As shown in FIG. 1, the order-changing microfluid mixer of this invention may be used in a microchannel wherein a microfluid may be transported. The order-changing microfluid mixer of this invention comprises a round or multi-angular chamber 1, with two openings at two opposite sides relating to center of the chamber 1. Openings 1 a and 1 b connect to respective sections 2 and 3 of a microfluidic channel. A fluid may be driven into the chamber from the first terminal 2 or the second terminal 3 of the microchannel, filling the chamber 1, and the terminals 2 and 3. With the help of a microfluidic driving mechanism (not shown), the microfluid may travel in the microchannel from one terminal to another, under a predetermined speed.

In the present invention, the microfluid may be filled into and driven in the microchannel with any driving mechanism.

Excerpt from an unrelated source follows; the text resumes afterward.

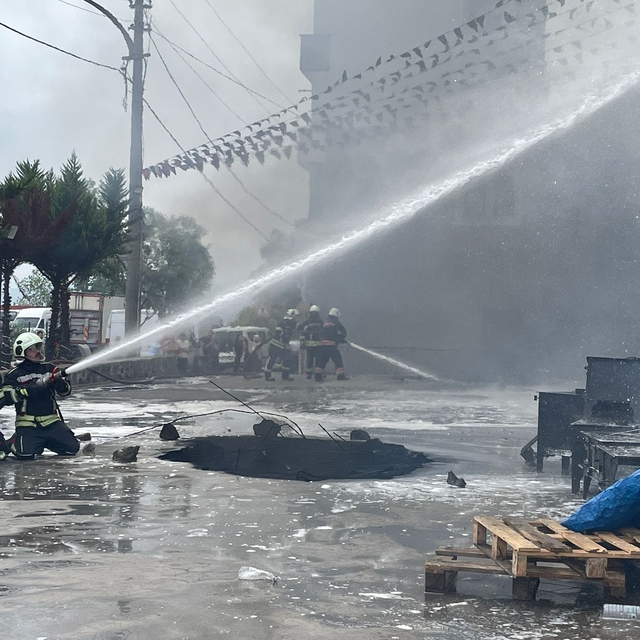 Trabzon'da alışveriş merkezinde çıkan yangına müdahale ediliyor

In practice, a bi-directional driving pump may be used to transport the microfluid in the microchannel.

The order-changing microfluid mixer of this invention may be prepared with a substrate and a upper cover (not shown), by bonding the upper cover to the substrate prepared with the chamber 1 and the microchannel 2 and 3. In the preparation of the order-changing microfluidic mixer of this invention, a substrate is first prepared. A round chamber whose size is 4 mm in diameter and 0.5 mm in depth is formed. And to grooves with 0.5 mm wide and 0.5 mm deep which connect to the chamber at two symmetric positions at the sidewall of the chamber in relation to the center of the chamber and extend along the tangent of the chamber to two sides of the substrate, are prepared The upper cover is then bonded to the substrate to form microfluidic channels 2 and 3, with a round chamber 1 in a section of the microfluidic channels 2 and 3.

In the following, a description of the order-changing process of a microfluid in the order-changing microfluidic mixer of this invention will be given. FIG. 2 illustrates the flow chart of the order-changing process of a microfluid in the order-changing microfluidic mixer of this invention.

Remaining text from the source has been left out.